Prepare for the Bail Bond Exam

Dealing in Denver Bail Bonds as a bail bondsman requires that you have specific licensing and certification, which means you need to prepare for the appropriate exam. In the state of Colorado, this is handled through the Division of Insurance through the Department of Regulatory Agencies (DORA). Testing is administered by Pearson VUE on behalf of the state, and the VUE website contains links to Licensing and Certification Fulfillment Services, Colorado, Insurance, Examinations – Bail Bonds, and Pre-licensing Provider and Course Listing. There may be fees to obtain official test preparation materials.
It is required that anyone who wants to be a bail bondsman in Colorado first pass pre-licensing training before taking the certification exam. The Bail Bond Pre-Licensing course is eight hours; the Bail Recovery course, 16.

Take the Bail Bond Exam

As stated, the exam is administered by Pearson VUE on behalf of the state of Colorado.

  • New candidates for a career as a Denver Colorado Bail Bondsman must pass the Pearson VUE exam as described in the Candidate Handbook.
  • The passing score for the Bail Bond Examination is 75, good for one year.
  • Complete other documentation or provide other information, such as proof of the pre-licensing courses, finger prints, and a full face photograph.

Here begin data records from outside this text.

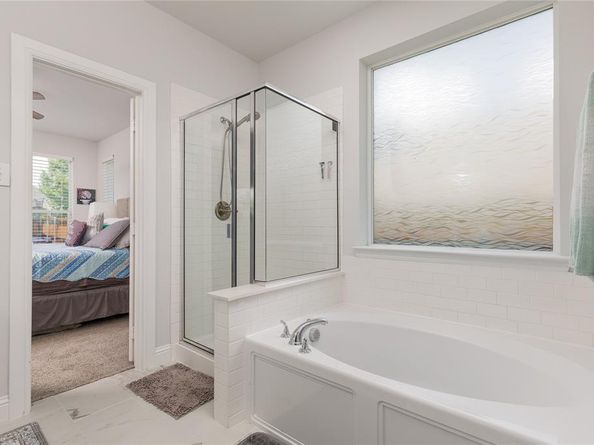 941  Nathanael Greene Court , Aubrey Texas 76227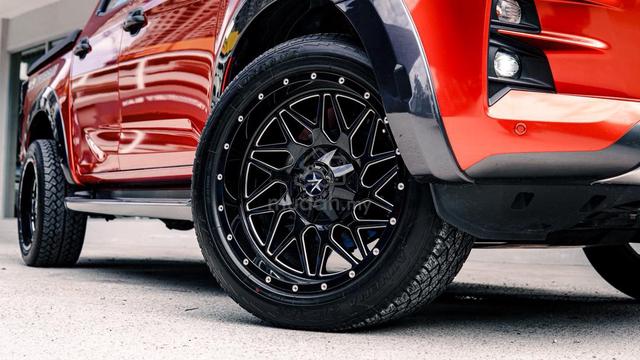 Isuzu D-Max Terrain 3.0 DMAX F.LIFT 4WD S.RIM 2023 - 5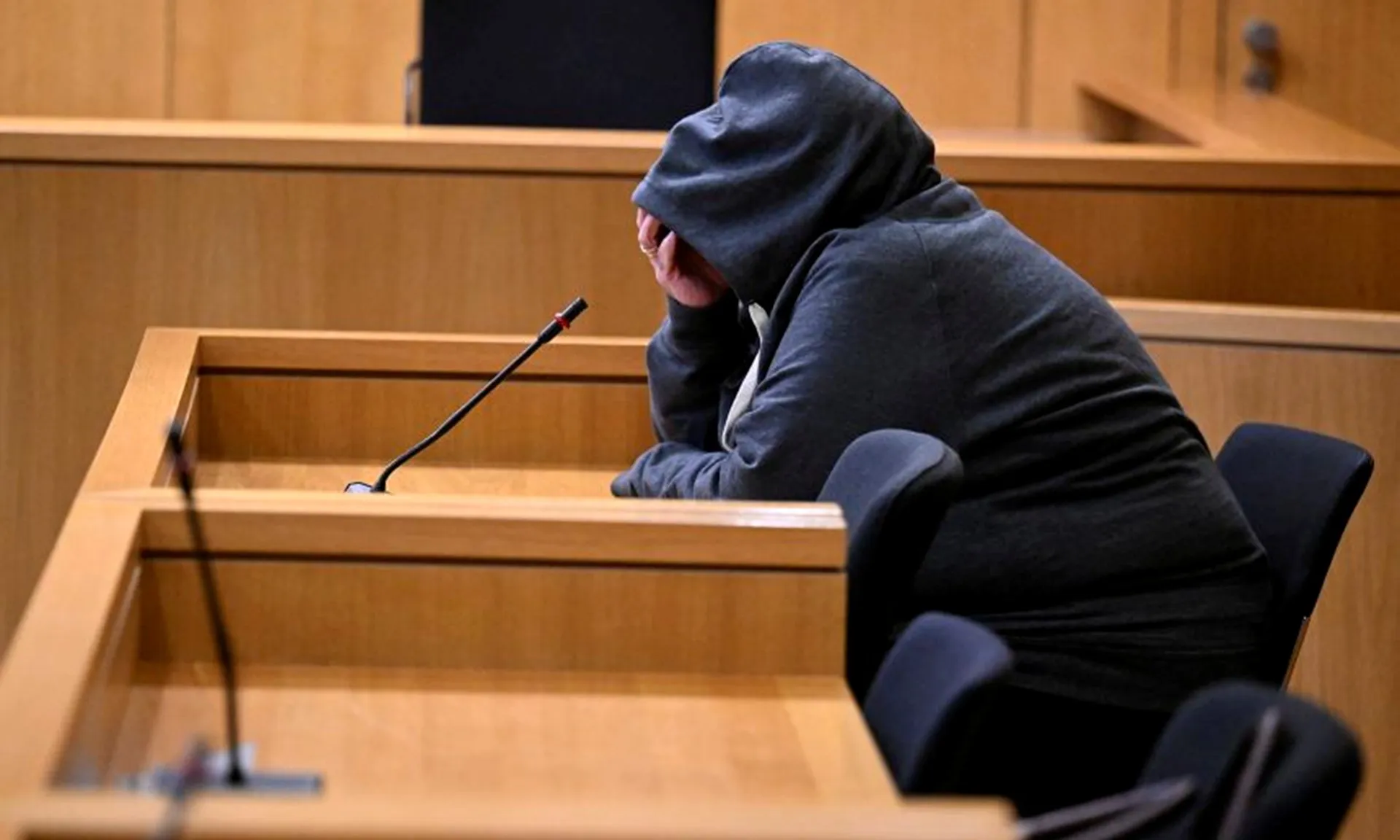 cuong-hiep-vo-191225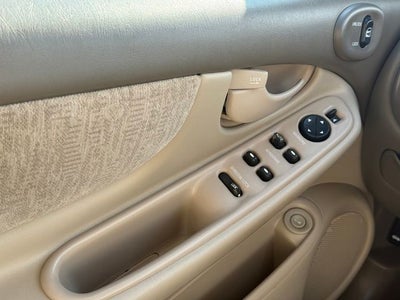 2004 Oldsmobile Alero GL1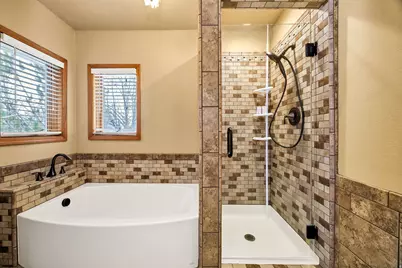 615 E Fox Ridge Dr S, Providence, UT 84332 - Photo 21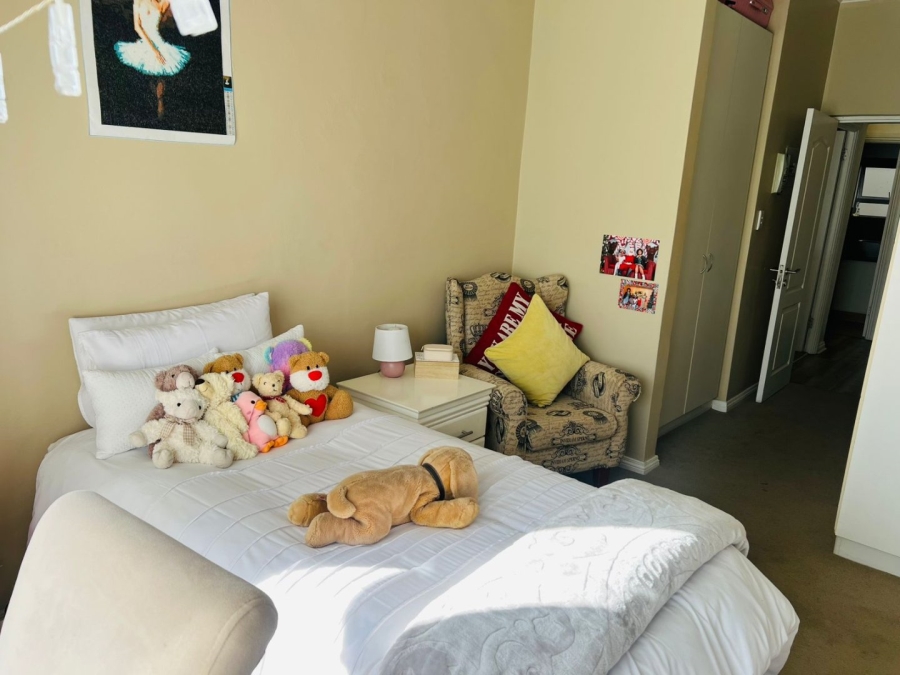 To Let 3 Bedroom Property for Rent in Greenstone Hill Gauteng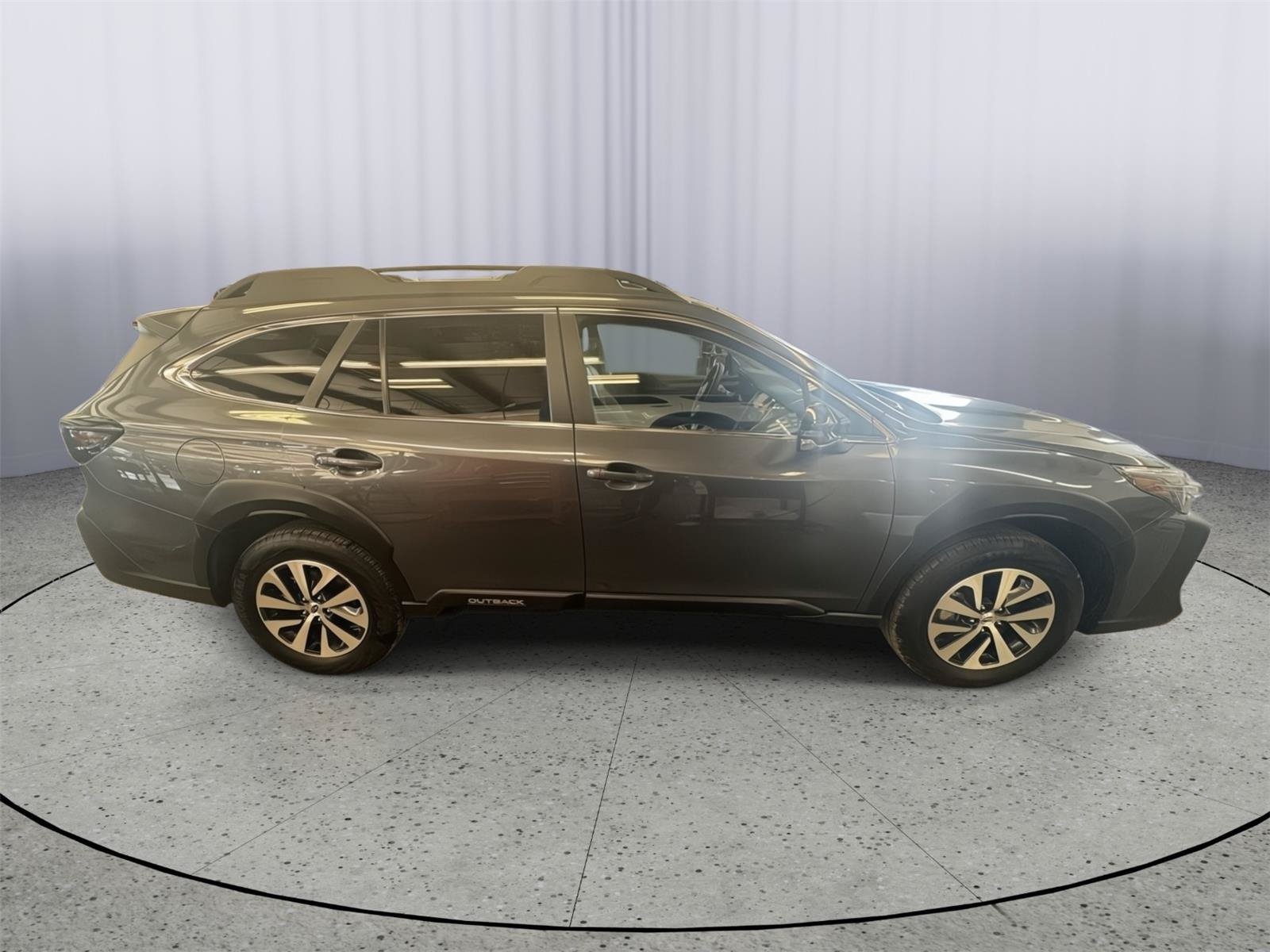 Used 2025 Subaru Outback Premium AWD/4WD image 6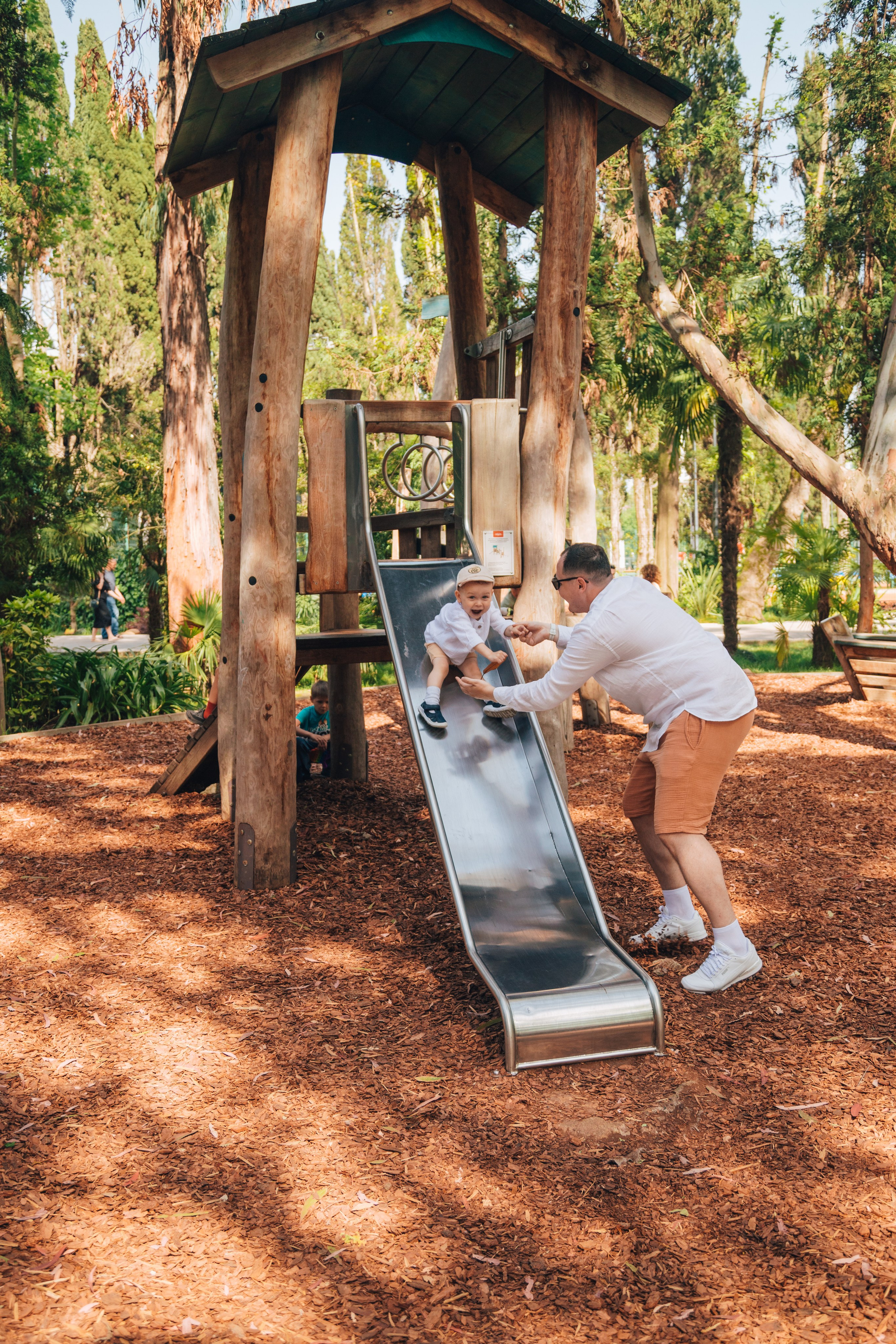 Дима, Ляйсан и Миша на Ривьере (Май 2025 г.). Фотограф Сочи, Адлер, Красная Поляна — Вероника Радченко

Candidates who don’t pass the exam can re-take it as often as possible, though they must wait 24 hours between tests and pay the same fees as for the original exam.

What to Bring

Candidates who wish to take the exam must provide an Acceptable Form of Candidate Identification and Proof of Completion of Pre-licensing Training for the Bail Bonding Agent and Bail Recovery Courses.
Two signed forms of identification are required and can include Primary forms of ID with a non-expired photograph and signature:

  • Government issued driver’s license.
  • U.S. Department of State driver’s license.
  • U.S. Learner’s permit.
  • National/State/Country ID card.
  • Passport or Passport Card.
  • Military ID or Military ID for spouses or dependants.
  • Alien Registration card.

Secondary forms of ID may include the following signed:

  • U.S. Social Security Card.
  • ATM Debit or Credit Card.
  • Any form of ID on the primary list

Becoming a bail bondsman in Colorado can be difficult, but with the proper training and desire, passing the certification exams can lead to a worthwhile and exciting career.